What is required:
Restate the data word for word and leave the images out.

Data shown:
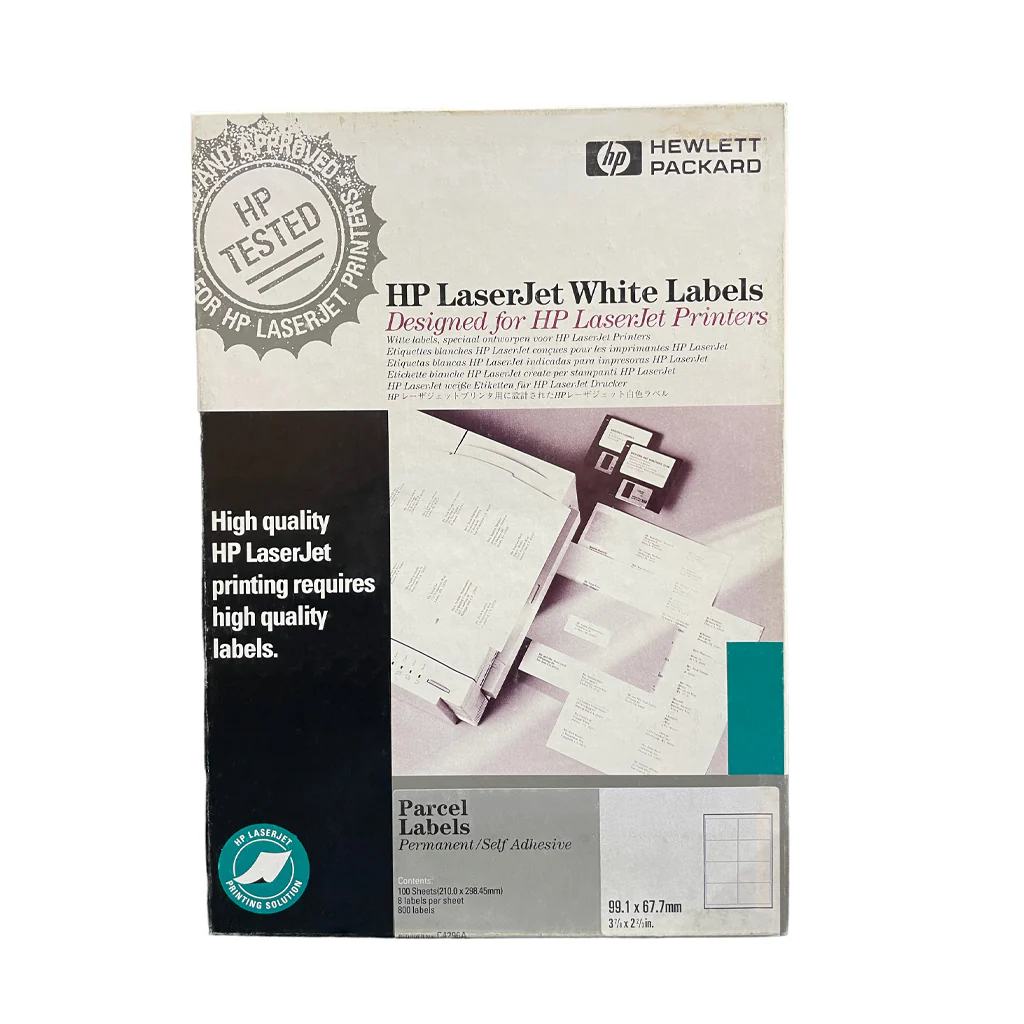 HP LaserJet White Labels – A4 / 800 White Labels / 100 Sheets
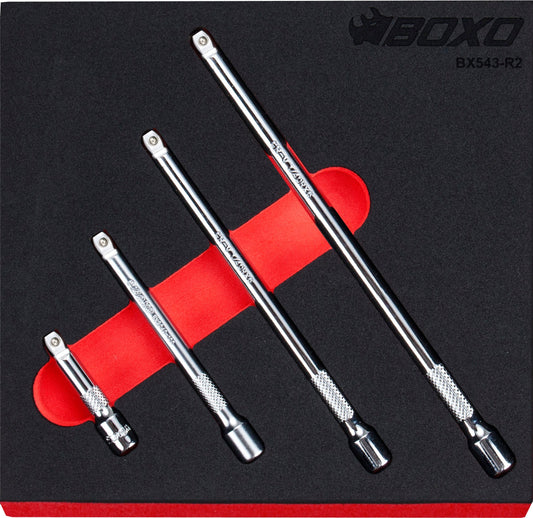 BOXO 4Pc 1/4" Wobble Extension Set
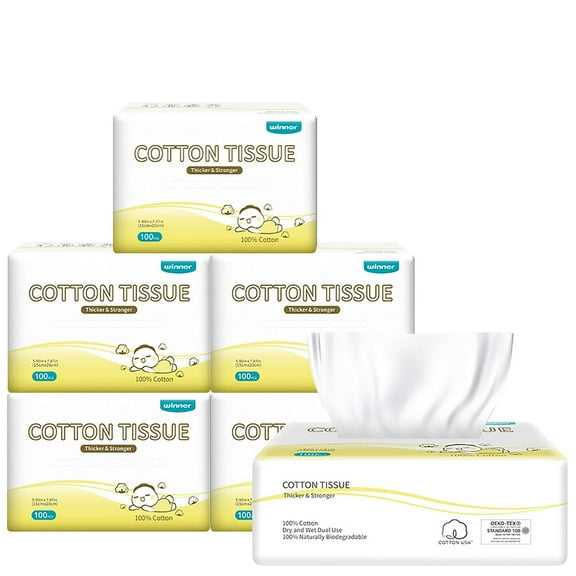 Winner Baby Cotton Dry Wipe 600 Counts 7.87"x 5.9" Unscented Disposable Facial Cotton Wipe for Baby Sensitive Skin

Result of the exercise:
 HP LaserJet White Labels – A4 / 800 White Labels / 100 Sheets
 BOXO 4Pc 1/4" Wobble Extension Set
 Winner Baby Cotton Dry Wipe 600 Counts 7.87"x 5.9" Unscented Disposable Facial Cotton Wipe for Baby Sensitive Skin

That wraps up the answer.